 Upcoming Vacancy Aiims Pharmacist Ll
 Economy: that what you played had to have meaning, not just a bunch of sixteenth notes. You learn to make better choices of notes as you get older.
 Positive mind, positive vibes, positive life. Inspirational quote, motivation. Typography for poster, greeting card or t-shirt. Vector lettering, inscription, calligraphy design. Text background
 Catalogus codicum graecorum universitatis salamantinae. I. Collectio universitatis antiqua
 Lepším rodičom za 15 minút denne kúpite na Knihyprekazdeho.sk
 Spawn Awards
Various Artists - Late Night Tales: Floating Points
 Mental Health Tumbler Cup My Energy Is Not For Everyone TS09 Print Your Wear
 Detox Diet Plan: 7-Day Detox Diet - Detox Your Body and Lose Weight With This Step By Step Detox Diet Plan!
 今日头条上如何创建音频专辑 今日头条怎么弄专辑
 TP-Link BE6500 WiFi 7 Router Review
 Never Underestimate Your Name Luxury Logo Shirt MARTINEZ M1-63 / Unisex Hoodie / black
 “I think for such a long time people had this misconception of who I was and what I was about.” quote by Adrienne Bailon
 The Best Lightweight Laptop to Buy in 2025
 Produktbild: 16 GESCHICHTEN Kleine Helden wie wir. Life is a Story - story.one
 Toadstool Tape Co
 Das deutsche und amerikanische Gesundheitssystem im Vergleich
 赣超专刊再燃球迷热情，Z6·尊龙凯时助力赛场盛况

▬▬▬▬▬▬▬▬▬▬

Required action:
Please transcribe exactly the lines above from the line that has "Positive mind, positive" up to and including the line that has "Lepším rodičom za"; no other line belongs in the answer.

Solution:
 Positive mind, positive vibes, positive life. Inspirational quote, motivation. Typography for poster, greeting card or t-shirt. Vector lettering, inscription, calligraphy design. Text background
 Catalogus codicum graecorum universitatis salamantinae. I. Collectio universitatis antiqua
 Lepším rodičom za 15 minút denne kúpite na Knihyprekazdeho.sk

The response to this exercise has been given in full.